Patrick Leon Nicholas, left, and Sarah Yarborough, right. (King County Sheriff’s Office)
A Washington State man will almost certainly die in prison for the cold case rape and murder of a 16-year-old girl in 1991.
Patrick Leon Nicholas, 59, was found guilty by King County jurors earlier this month of one count each of murder in the first degree and murder in the second degree for killing Sarah Yarborough. The jury found he committed both crimes with sexual intent.
Nicholas was acquitted on one count of premeditated murder – but this acquittal did not particularly matter for sentencing purposes. Washington State does not have the death penalty as of late last month. And the defendant was sentenced to 45 years and eight months behind bars – an effective sentence of life in prison.

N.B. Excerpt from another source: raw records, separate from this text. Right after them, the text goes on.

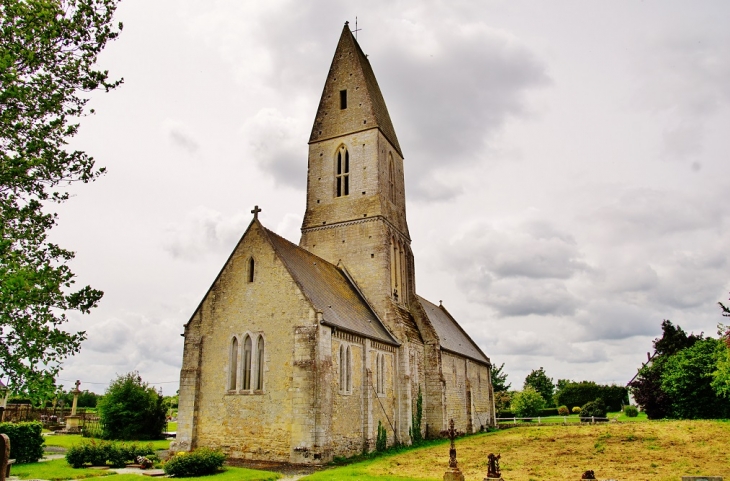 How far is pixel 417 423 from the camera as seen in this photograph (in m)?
30.0

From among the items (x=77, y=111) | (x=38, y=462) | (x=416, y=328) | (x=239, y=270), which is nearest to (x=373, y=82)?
(x=416, y=328)

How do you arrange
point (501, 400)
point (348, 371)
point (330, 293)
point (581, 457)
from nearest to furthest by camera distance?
point (581, 457)
point (348, 371)
point (330, 293)
point (501, 400)

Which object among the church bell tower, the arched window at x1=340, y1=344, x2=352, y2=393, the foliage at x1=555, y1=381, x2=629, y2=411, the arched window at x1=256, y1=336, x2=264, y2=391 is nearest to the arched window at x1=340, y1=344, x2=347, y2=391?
the arched window at x1=340, y1=344, x2=352, y2=393

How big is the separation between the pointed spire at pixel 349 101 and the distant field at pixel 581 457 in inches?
783

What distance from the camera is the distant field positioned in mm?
17750

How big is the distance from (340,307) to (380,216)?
8.15 m

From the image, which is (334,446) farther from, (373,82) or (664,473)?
(373,82)

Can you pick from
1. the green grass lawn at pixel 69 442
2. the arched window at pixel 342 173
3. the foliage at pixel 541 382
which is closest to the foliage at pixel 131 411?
the green grass lawn at pixel 69 442

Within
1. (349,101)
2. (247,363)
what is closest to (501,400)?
(349,101)

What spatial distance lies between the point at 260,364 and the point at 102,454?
6.51 m

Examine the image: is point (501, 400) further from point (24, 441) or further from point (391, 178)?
point (24, 441)

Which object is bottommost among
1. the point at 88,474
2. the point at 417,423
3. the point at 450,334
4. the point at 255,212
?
the point at 88,474

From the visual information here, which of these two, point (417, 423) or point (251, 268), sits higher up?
point (251, 268)

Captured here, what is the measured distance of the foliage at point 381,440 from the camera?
83.6 feet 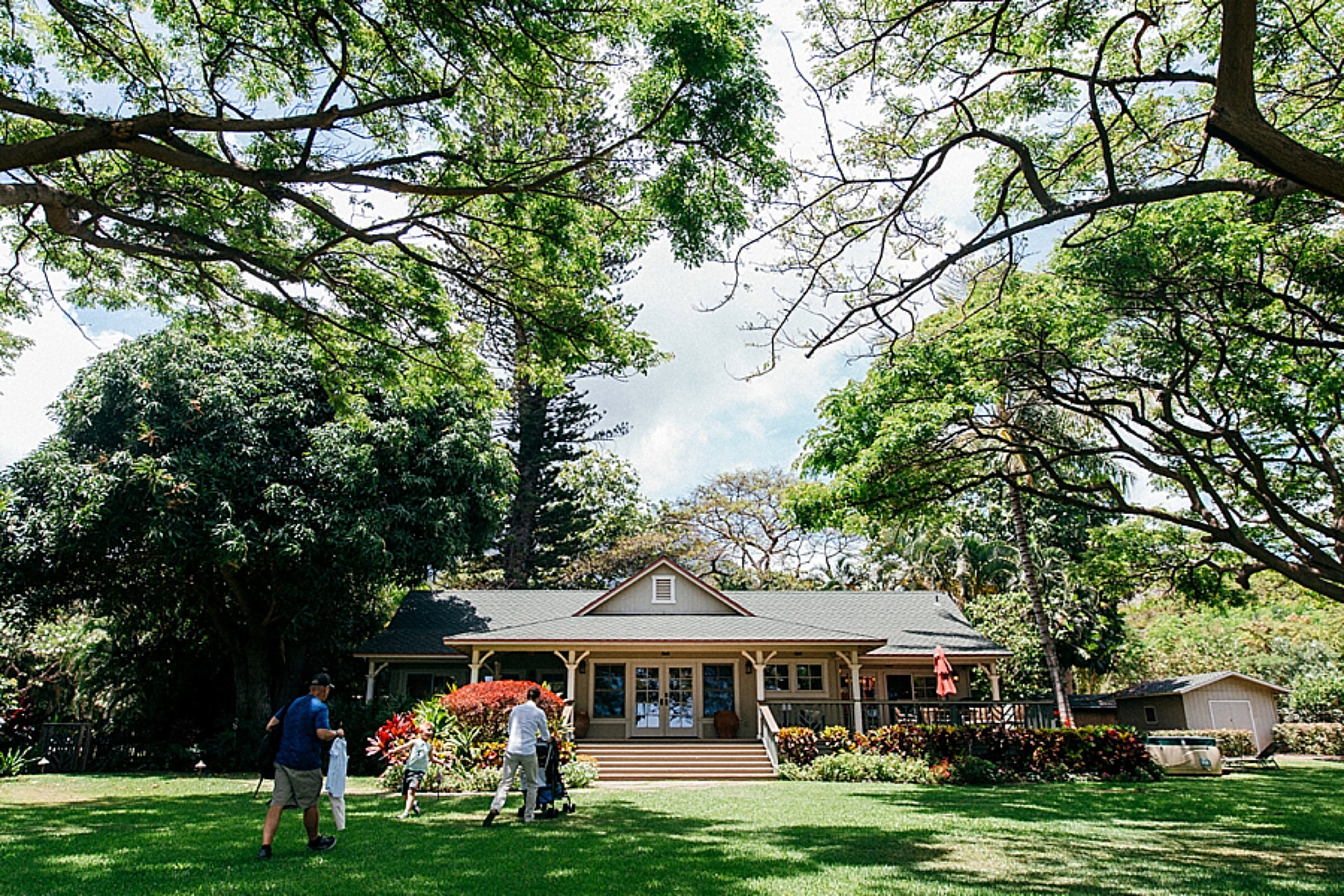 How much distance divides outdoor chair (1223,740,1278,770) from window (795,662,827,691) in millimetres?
10686

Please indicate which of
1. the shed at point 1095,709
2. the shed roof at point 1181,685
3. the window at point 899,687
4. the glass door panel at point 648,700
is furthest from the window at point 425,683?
the shed roof at point 1181,685

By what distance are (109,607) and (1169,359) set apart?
23696mm

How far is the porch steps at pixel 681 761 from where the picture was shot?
1789cm

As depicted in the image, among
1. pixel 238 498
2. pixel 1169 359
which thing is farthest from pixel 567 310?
pixel 238 498

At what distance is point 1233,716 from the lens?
27422mm

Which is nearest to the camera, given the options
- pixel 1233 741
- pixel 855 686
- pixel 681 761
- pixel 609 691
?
pixel 681 761

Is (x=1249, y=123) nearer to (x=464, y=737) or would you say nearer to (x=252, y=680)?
(x=464, y=737)

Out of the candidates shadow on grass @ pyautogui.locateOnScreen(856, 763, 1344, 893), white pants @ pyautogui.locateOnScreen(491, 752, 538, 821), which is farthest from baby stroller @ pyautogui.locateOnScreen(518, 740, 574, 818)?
shadow on grass @ pyautogui.locateOnScreen(856, 763, 1344, 893)

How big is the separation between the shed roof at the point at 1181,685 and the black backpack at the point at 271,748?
A: 94.8 feet

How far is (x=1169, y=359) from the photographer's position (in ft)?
36.9

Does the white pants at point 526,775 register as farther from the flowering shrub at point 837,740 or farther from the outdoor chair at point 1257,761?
the outdoor chair at point 1257,761

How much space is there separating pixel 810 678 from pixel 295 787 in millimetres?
18336

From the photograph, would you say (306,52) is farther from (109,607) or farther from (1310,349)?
(109,607)

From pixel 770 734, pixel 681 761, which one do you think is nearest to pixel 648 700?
pixel 681 761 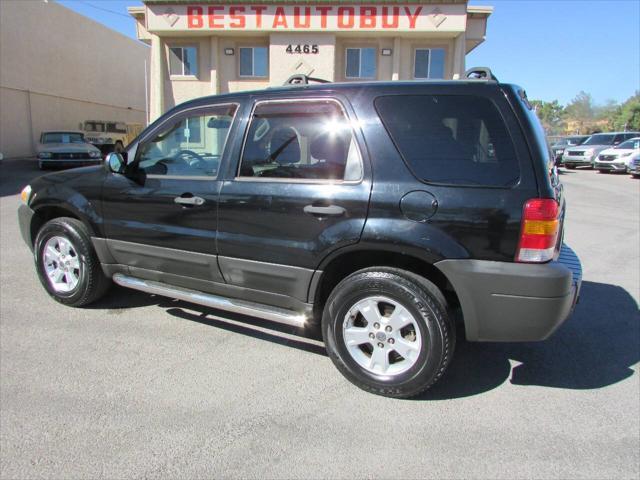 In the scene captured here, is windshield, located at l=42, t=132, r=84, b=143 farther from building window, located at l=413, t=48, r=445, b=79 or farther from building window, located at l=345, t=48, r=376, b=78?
building window, located at l=413, t=48, r=445, b=79

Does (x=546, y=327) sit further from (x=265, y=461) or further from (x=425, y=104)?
(x=265, y=461)

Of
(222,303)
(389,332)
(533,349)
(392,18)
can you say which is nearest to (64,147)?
(392,18)

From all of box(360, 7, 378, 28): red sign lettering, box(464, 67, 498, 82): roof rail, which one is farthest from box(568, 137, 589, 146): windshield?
box(464, 67, 498, 82): roof rail

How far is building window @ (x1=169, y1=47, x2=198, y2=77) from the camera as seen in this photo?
65.5 ft

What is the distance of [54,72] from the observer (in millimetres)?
27250

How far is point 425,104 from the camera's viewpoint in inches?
117

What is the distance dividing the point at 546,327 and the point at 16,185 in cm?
1534

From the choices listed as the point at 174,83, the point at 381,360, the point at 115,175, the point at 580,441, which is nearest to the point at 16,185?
the point at 174,83

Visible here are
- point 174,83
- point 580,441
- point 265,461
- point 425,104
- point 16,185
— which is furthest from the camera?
point 174,83

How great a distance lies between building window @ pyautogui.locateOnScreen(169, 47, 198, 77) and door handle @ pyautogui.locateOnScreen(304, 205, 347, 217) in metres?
19.0

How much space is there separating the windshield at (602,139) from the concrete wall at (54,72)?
29.1m

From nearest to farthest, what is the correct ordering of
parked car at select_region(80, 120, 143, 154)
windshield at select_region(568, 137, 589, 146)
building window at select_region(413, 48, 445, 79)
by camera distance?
building window at select_region(413, 48, 445, 79) < parked car at select_region(80, 120, 143, 154) < windshield at select_region(568, 137, 589, 146)

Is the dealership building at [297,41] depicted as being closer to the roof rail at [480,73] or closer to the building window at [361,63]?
the building window at [361,63]

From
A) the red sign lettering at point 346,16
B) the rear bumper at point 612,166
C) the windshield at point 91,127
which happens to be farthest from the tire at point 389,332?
the windshield at point 91,127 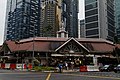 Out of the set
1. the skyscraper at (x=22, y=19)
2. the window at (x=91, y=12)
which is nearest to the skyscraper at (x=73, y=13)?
the window at (x=91, y=12)

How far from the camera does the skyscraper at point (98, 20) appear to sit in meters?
141

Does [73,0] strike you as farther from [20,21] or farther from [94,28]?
[20,21]

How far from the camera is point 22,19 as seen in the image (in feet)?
430

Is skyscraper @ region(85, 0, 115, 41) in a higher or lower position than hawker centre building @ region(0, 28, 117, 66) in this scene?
higher

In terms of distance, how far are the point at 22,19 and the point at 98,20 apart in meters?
43.1

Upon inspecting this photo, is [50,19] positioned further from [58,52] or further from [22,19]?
[58,52]

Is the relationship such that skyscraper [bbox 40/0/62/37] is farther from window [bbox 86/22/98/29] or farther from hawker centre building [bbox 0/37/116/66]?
window [bbox 86/22/98/29]

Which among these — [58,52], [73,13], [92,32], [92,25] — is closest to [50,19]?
[58,52]

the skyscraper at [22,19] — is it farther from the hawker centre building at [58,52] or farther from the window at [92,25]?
the hawker centre building at [58,52]

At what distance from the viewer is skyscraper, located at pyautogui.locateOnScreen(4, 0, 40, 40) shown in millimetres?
120750

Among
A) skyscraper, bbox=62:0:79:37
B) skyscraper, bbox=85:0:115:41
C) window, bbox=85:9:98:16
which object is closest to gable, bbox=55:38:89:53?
skyscraper, bbox=85:0:115:41

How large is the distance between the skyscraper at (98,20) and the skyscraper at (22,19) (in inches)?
1222

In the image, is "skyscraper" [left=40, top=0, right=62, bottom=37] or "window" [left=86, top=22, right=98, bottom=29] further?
"window" [left=86, top=22, right=98, bottom=29]

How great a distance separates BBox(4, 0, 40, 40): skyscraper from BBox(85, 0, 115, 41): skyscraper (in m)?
31.0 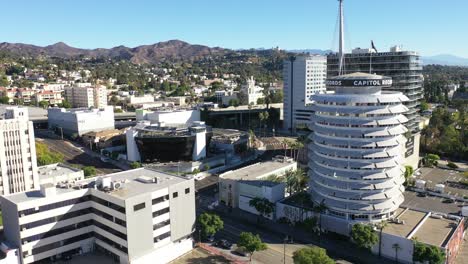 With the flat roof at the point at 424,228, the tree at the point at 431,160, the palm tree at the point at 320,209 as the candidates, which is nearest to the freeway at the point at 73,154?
the palm tree at the point at 320,209

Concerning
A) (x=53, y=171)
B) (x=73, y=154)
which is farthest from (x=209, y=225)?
(x=73, y=154)

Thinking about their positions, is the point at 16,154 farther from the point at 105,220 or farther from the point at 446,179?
the point at 446,179

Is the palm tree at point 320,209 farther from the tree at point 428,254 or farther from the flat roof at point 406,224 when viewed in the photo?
the tree at point 428,254

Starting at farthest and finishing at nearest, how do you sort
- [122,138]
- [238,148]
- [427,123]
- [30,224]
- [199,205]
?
[427,123] < [122,138] < [238,148] < [199,205] < [30,224]

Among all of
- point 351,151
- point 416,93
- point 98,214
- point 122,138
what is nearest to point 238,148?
point 122,138

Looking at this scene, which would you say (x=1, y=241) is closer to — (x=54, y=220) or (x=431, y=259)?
(x=54, y=220)

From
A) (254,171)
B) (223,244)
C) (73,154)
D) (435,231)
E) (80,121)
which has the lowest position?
(223,244) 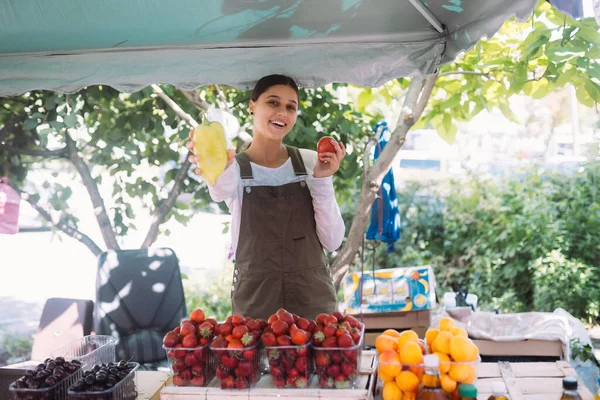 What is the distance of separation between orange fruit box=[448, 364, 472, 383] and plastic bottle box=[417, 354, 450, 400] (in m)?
0.05

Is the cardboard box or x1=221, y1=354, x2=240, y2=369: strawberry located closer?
x1=221, y1=354, x2=240, y2=369: strawberry

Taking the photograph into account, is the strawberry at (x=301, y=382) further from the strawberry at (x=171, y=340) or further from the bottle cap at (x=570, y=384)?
the bottle cap at (x=570, y=384)

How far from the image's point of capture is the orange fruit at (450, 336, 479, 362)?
1810 mm

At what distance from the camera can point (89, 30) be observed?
9.21 feet

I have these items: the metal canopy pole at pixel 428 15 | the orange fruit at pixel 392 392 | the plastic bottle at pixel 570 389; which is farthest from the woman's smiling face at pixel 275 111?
the plastic bottle at pixel 570 389

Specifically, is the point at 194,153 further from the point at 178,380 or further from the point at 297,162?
the point at 178,380

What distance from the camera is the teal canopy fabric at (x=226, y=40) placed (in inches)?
102

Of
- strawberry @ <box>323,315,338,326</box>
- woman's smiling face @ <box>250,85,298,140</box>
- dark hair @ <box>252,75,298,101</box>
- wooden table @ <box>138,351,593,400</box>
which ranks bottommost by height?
wooden table @ <box>138,351,593,400</box>

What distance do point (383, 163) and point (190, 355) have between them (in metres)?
2.50

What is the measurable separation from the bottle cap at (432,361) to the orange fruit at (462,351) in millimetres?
108

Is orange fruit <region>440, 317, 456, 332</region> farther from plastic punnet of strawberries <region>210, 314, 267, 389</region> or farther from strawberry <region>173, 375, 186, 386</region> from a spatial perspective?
strawberry <region>173, 375, 186, 386</region>

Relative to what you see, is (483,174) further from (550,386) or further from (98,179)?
(550,386)

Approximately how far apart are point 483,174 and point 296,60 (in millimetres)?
5462

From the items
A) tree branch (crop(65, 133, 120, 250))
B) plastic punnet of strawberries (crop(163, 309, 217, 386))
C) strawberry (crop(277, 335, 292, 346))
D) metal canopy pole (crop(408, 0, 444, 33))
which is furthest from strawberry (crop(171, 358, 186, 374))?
tree branch (crop(65, 133, 120, 250)) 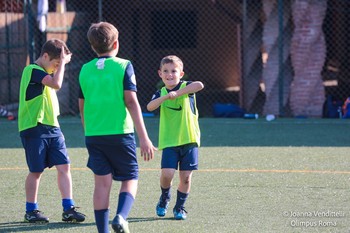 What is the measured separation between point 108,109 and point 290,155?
475 centimetres

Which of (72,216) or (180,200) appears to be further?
(180,200)

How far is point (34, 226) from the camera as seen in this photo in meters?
6.10

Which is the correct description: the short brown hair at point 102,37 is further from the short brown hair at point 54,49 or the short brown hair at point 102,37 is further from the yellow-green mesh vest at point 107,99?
the short brown hair at point 54,49

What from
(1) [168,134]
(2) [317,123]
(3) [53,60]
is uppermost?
(3) [53,60]

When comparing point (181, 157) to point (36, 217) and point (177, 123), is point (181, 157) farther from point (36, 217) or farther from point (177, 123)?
point (36, 217)

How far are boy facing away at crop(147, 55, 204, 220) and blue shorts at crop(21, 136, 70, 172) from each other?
2.70 ft

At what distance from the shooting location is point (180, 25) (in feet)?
62.9

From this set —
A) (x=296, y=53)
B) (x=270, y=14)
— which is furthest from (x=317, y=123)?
(x=270, y=14)

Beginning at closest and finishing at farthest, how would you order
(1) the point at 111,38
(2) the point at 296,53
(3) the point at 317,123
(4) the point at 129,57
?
1. (1) the point at 111,38
2. (3) the point at 317,123
3. (2) the point at 296,53
4. (4) the point at 129,57

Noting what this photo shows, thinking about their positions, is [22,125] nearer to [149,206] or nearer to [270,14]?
[149,206]

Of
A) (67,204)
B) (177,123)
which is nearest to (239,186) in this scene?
(177,123)

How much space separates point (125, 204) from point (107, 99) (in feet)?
2.29

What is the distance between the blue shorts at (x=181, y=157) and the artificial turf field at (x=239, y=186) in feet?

“[This] outrageous violation of a child,” King County Superior Court Judge Josephine Wiggs intoned, before sentencing the killer, in comments reported by Seattle-based CBS/Telemundo affiliate KIRO. “This outrageous sexual assault upon a child, culminating in her murder [is] a basis for an exceptional sentence.”
When Yarborough was raped and murdered, she was going to a drill team event. She had borrowed her father’s car and drove to school with curlers still in her hair on the morning she died.
At around 9:40 a.m. on Dec. 14, 1991, her body was found by a 12-year-old boy and a 13-year-old boy who had cut through a patch of bushes as a shortcut on their way to school.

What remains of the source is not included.